Once I remember, it is possible to find the kindness and compassion inside my heart – for myself and others. It is possible to find a little bit of peace even among all the suffering. I can’t help stopping all the pain out there in the world, hell, I can’t even stop the pain inside of me without some strong meds! But I can share the tools that can ease the pain a bit, help one get a bit of a distance, and a bit of a relief.
I wish I had learned and practiced mindfulness meditation earlier but sometimes we do need to reach the very bottom and hit that wall before we find better solutions than additions, distractions and burn out. If you are at that bottom or looking at that wall right now, let me assure you that you can climb up or over it. And of course, if you want to try out some of the mindfulness tools, you can find some of my recoded meditation on my new YouTube channel.
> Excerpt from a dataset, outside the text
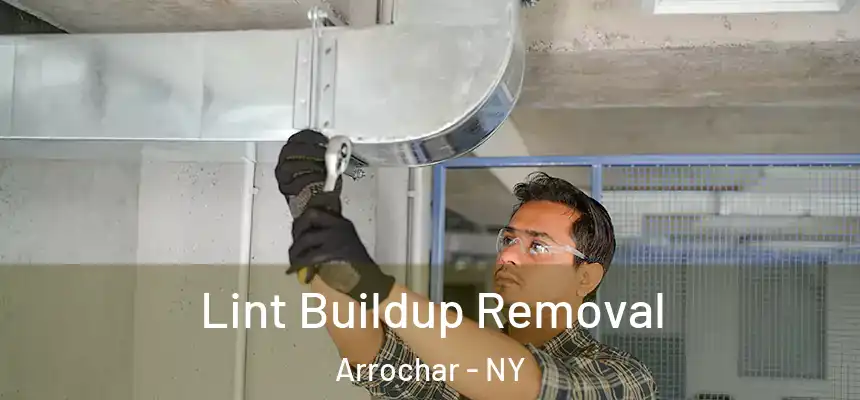  Lint Buildup Removal Arrochar - NY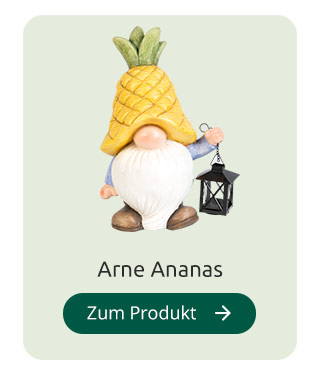 Arne Ananas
Final notes on what’s cooking:
My work on the free RAIN mindfulness practice handout for the newsletter subscribers has been delayed due to the “Overcome Overeating” online course that was concluded in October. Quite frankly, I had to take a bit of rest after that intensive experience and recording and publishing meditations allowed me to get rest in my favourite creative way. If you are curious what RAIN practice is – check out the RAIN meditation on my channel. The RAIN mindfulness handout will apply this practice to body image / eating issues and now I have the energy to get back to it I believe. You can already stay tuned to my updates by signing up to the newsletter of course.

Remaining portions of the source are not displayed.